さまざまな広告ブロックツールを利用するのは、侵入的で迷惑な広告をブロックするためです。これにより、ユーザー体験を保護し、帯域幅とパフォーマンスのコストを節約することができます。
しかし、それだけではありません。AdGuard はプライバシー保護の使命も果たすことができます。たとえば、検索エンジンで講義資料を検索した後、ショッピングアプリを開くと、その分野の教材ばかりを推奨されることがあります。個人のプライバシーを重視する人にとって、これは容認できません。私はできるだけ少ないプライバシーが他人に把握されることを望んでいます。

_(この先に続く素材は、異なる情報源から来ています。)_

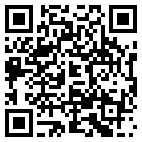 QR Code for Pgt Winguard in Boca Raton, FL 33487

広告をブロックするだけでなく、AdGuard はいくつかのトラッカーもブロックできます。ウェブページを閲覧する際には、リクエストを送信するだけでなく、多くの追加情報も送信しています。たとえば、アクセス時の IP アドレス、使用しているブラウザやシステム情報、言語の優先設定、前回アクセスしたウェブサイト、さらには Cookie を読み取ってより多くの情報を得ることができます。広告ネットワークなどは、これらの情報を通じて「あなた」が「あなた」であることを確認し、あなたに関するモデルを構築して、よりパーソナライズされた広告を提供します。
このような現象を防ぐために、AdGuard はトラッカーをブロックするだけでなく、一部の安全でないインターフェースをブロックし、ウェブサイト間の接続を遮断し、ブラウザ情報を偽装するなどの対策を講じています。これらは単独のプラグインやルールでは実現が難しく、私がこのアプリを選んだ理由の一つです。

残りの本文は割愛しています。